# [Data shown]
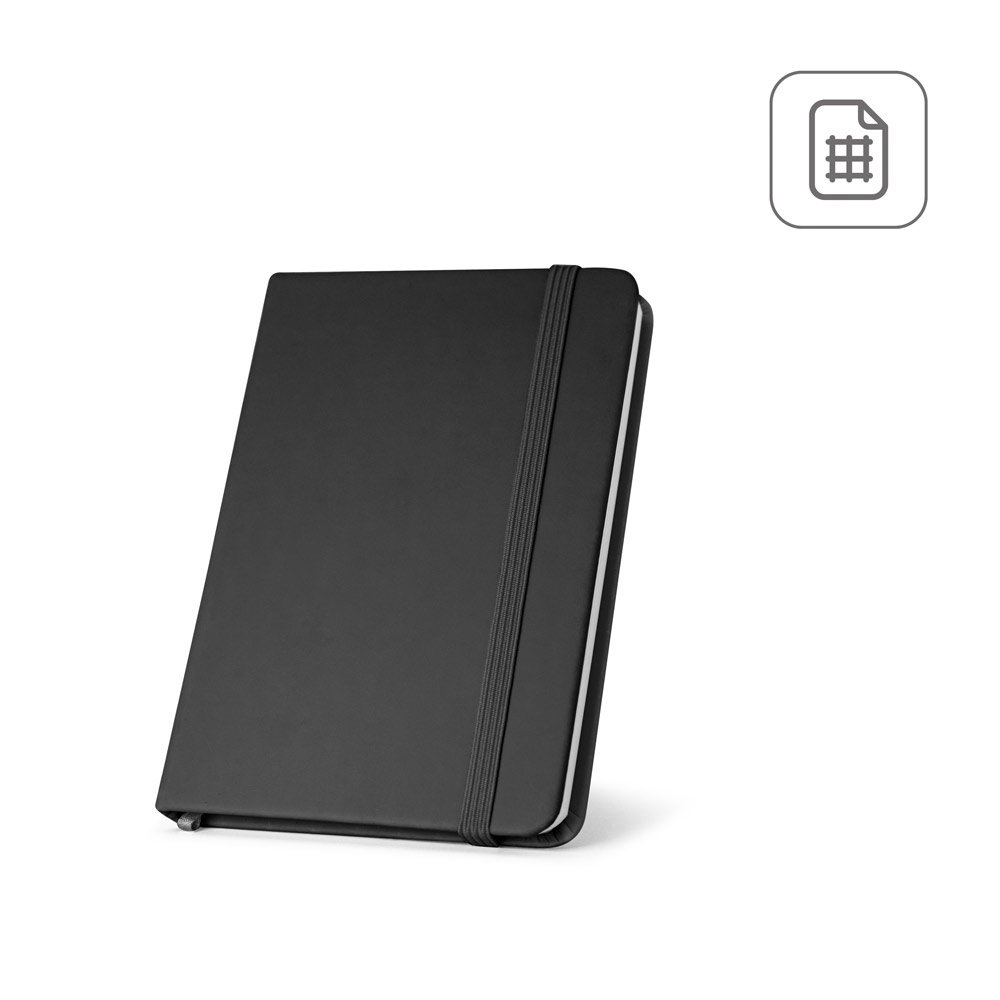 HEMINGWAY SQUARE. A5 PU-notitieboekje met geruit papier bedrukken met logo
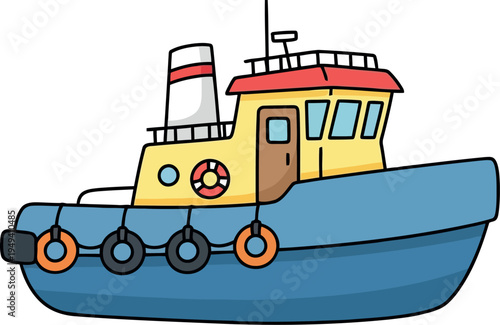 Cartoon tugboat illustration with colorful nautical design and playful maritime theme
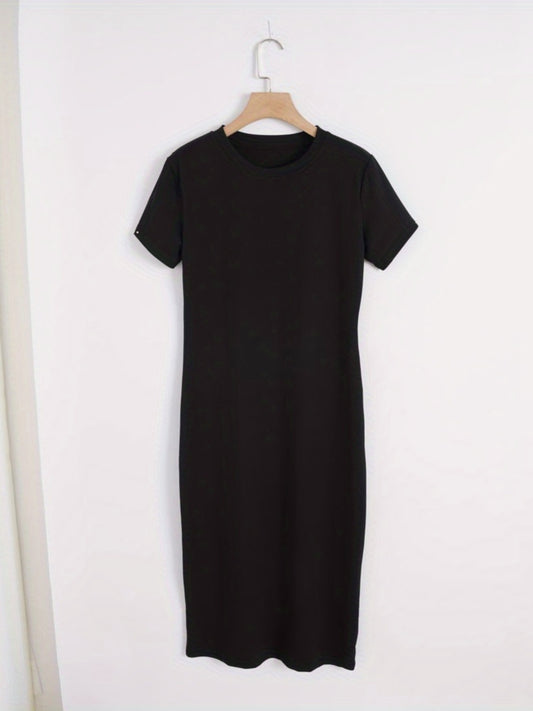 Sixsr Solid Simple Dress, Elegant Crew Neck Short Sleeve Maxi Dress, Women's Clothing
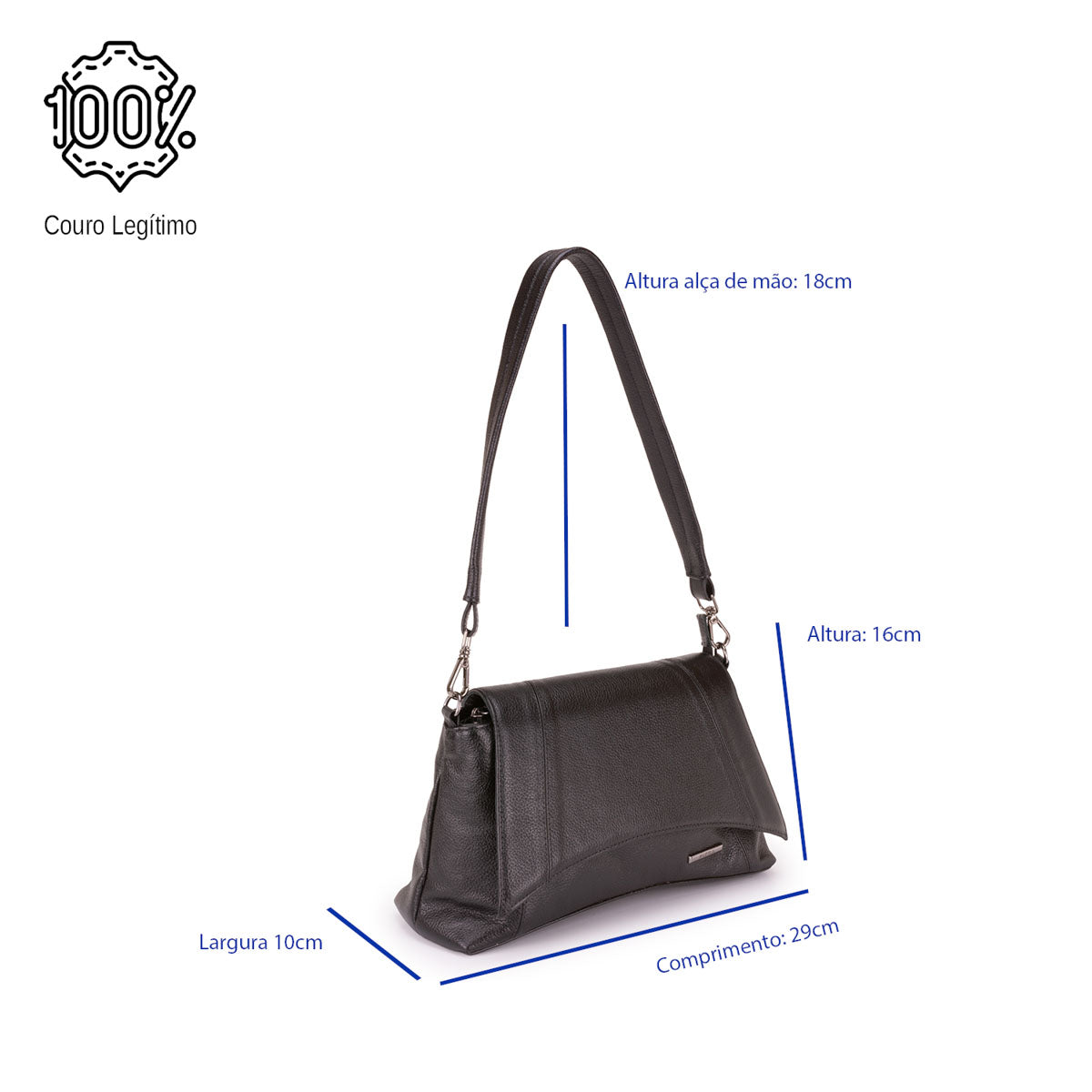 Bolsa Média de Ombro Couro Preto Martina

# [Exercise aim]
The copy should begin at the line containing "Cartoon tugboat illustration" and end at the last line of the data above; please restate those lines word for word without the pictures.

# [Result]
 Cartoon tugboat illustration with colorful nautical design and playful maritime theme
 Sixsr Solid Simple Dress, Elegant Crew Neck Short Sleeve Maxi Dress, Women's Clothing
 Bolsa Média de Ombro Couro Preto Martina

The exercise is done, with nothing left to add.